I reach back to 20th century medical history for today’s blog and celebrate Sir John Robert Vane, the English pharmacologist who discovered in 1971 that aspirin works by preventing the formation of certain prostaglandins.
Prostaglandins are hormone-like lipids that play a role in the human body’s inflammatory response and in a wide range of other physiological functions, such as the dilation and constriction of blood vessels and the control of blood pressure. This is common knowledge now, but it wasn’t when John Vane (1927-2004) started out.
I thought of Sir John this week when I read that Dr. Gustav Born, a German-born colleague of Vane’s, had died in April at age 96.
Born was the son of renowned physicist and mathematician, Max Born, who received a 1954 Nobel prize for his work on quantum mechanics. Of Jewish ancestry, Max Born and his wife, Hedwig Ehrenberg Born, fled Germany with their children in 1933, eventually settling in Edinburgh. (Fun fact: Olivia Newton-John is the daughter of Max and Hedi Born’s daughter, Irene, and, therefore, the niece of Gustav Born.)

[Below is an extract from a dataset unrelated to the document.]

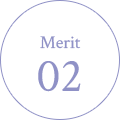 Merit 02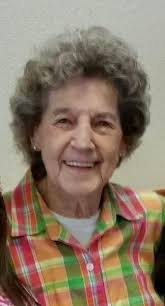 Elisha Barr's Instagram, Twitter & Facebook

Gustav Born and John Vane met as students at Oxford University and worked together during the 1960s in the extraordinarily successful pharmacology department at the University of London’s Royal College of Surgeons. During Vane’s 18 years at the university (1955-73), he developed important bioassay techniques, focusing his research on the angiotensin-converting enzyme (ACE), which is instrumental in the control of blood pressure, and on the action of aspirin.

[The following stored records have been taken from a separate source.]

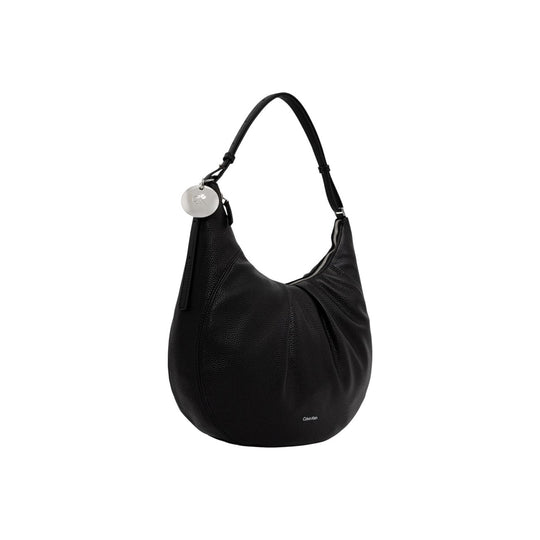 Calvin Klein  Women Bag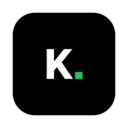 icon for Kdashboard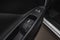 2022 RAM ProMaster City Cargo Van
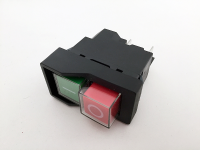 7513062-MTD SCHALTER  5-POLIG-MTD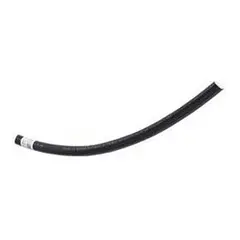 ULTRAFLEX Slange outboard Metervare - 5/16&quot;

A bioassay is a laboratory method by which a pharmacologist or other scientist can assess the effect of a substance—its potency, for example—on living cells or tissues. Vane’s cascade bioassay technique, which I describe below, was ingenious.
The elucidation of aspirin’s mechanism of action catapulted Vane into celebrity, and, in 1973, he accepted the top research & development job at Burroughs Wellcome in Beckenham, England. A career academic, Vane rejected his Royal College colleagues’ admonitions about selling his scientific soul to commerce and, instead, brought some of the naysayers with him, setting up a prostaglandin unit that enjoyed much success.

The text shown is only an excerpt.